**Task**
Using the records below, write out only the lines from the line containing "NWT Lovers and" up to and including the line containing "Сарай WOTEX Storage-02-3, серый с белым", exactly, with no pictures.

**Provided records**
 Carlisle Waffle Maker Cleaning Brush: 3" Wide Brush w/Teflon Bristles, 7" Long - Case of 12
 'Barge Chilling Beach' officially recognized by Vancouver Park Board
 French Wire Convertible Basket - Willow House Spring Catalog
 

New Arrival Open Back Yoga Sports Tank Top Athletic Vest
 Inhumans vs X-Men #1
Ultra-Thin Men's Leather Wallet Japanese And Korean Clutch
==
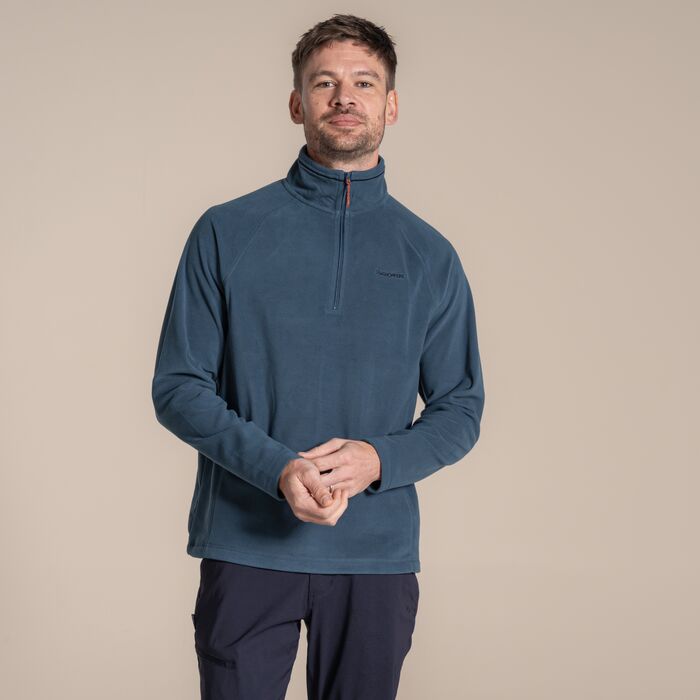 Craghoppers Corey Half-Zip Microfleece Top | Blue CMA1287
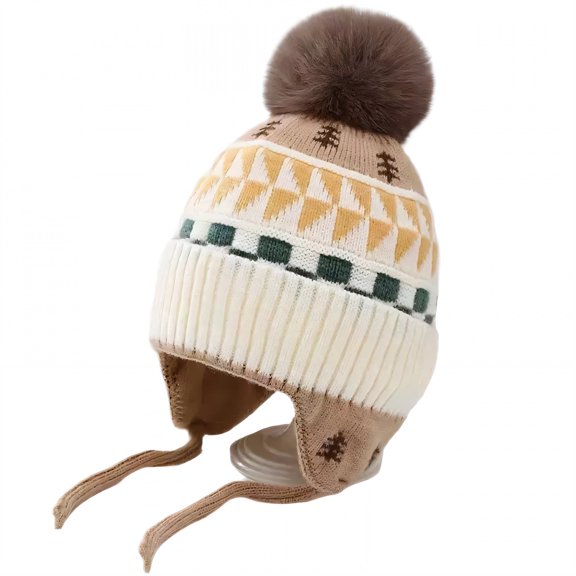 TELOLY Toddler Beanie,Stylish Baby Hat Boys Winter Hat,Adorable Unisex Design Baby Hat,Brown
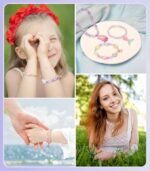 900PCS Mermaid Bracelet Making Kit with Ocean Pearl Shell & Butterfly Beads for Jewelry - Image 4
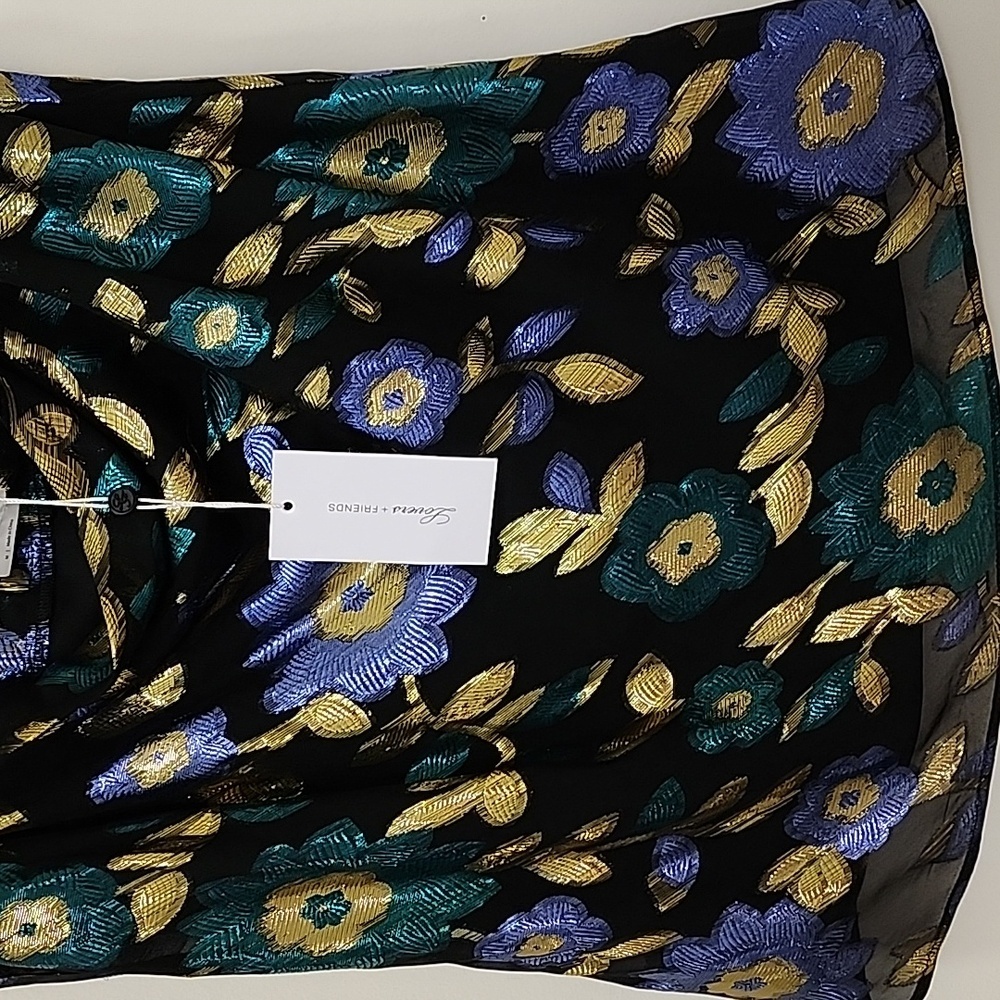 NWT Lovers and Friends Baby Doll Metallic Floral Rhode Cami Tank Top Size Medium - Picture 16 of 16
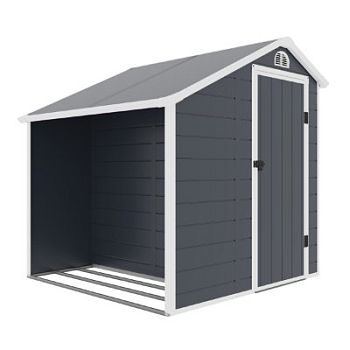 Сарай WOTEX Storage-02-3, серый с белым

**Solution to the exercise**
 NWT Lovers and Friends Baby Doll Metallic Floral Rhode Cami Tank Top Size Medium - Picture 16 of 16
 Сарай WOTEX Storage-02-3, серый с белым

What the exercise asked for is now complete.